Walters has been a pioneer for women in the television industry. After working her way up from a researcher for NBC’s “Today” show to become co-host of the morning program, she left her 15-year stint at NBC and moved over to ABC, where she would become the first woman to host an evening newscast, teaming with Harry Reasoner on the “ABC Evening News” in 1976. It was the start of a 37-year relationship with the network, which included co-hosting the evening newsmagazine “20/20" and hosting numerous prime-time specials.
Her decades of groundbreaking work have included a range of high-profile interviews with countless world figures, statesmen and celebrities — including Fidel Castro and Vladimir Putin — as well as the first interview with Monica Lewinsky after the scandal involving President Bill Clinton. There was also fluffier fare. Walters has made a spectacle of “Most Fascinating People,” a yearly special she hosts in December, spotlighting folks such as Tom Cruise and the “Jersey Shore” reality stars on MTV. She also hosted an annual interview show pegged to the Academy Awards.
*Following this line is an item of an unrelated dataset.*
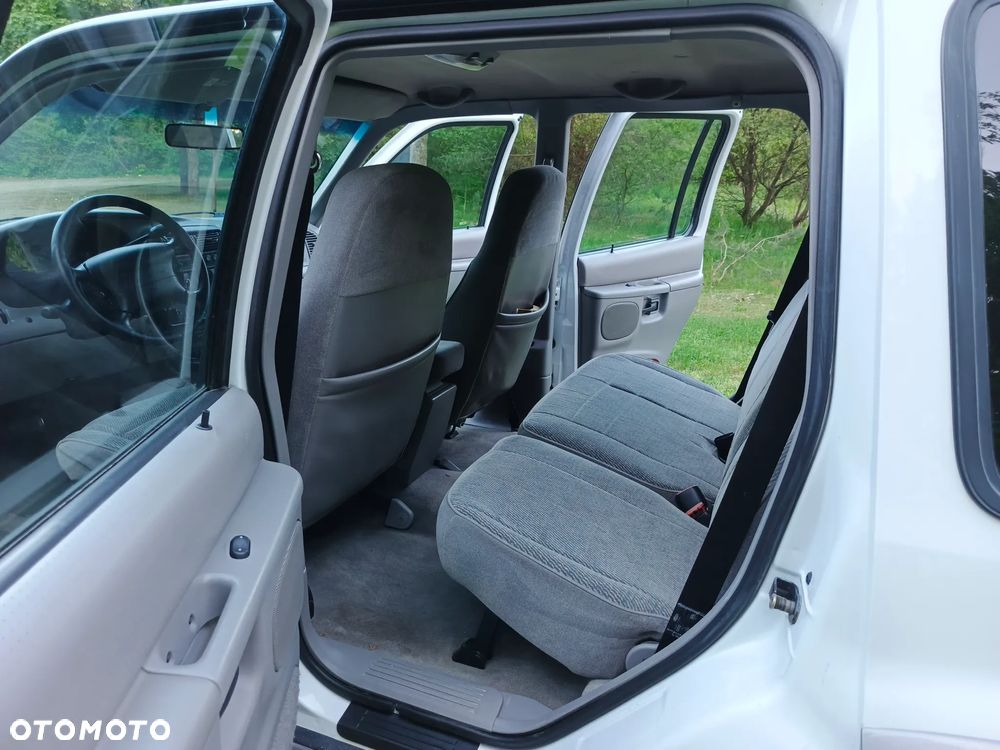 Ford Explorer - 14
“There’s only one Barbara Walters,” ABC News President Ben Sherwood said in a statement. “And we look forward to making her final year on television as remarkable, path-breaking and news-making as Barbara herself. Barbara will always have a home at ABC News and we look forward to a year befitting her brilliant career, filled with exclusive interviews, great adventures and indelible memories.”
Don’t count on her having a change of heart — it appears she’s intent on finally being an observer.
“I do not want to appear on another program or climb another mountain,” Walters said. “I want instead to sit on a sunny field and admire the very gifted women — and OK, some men too — who will be taking my place.”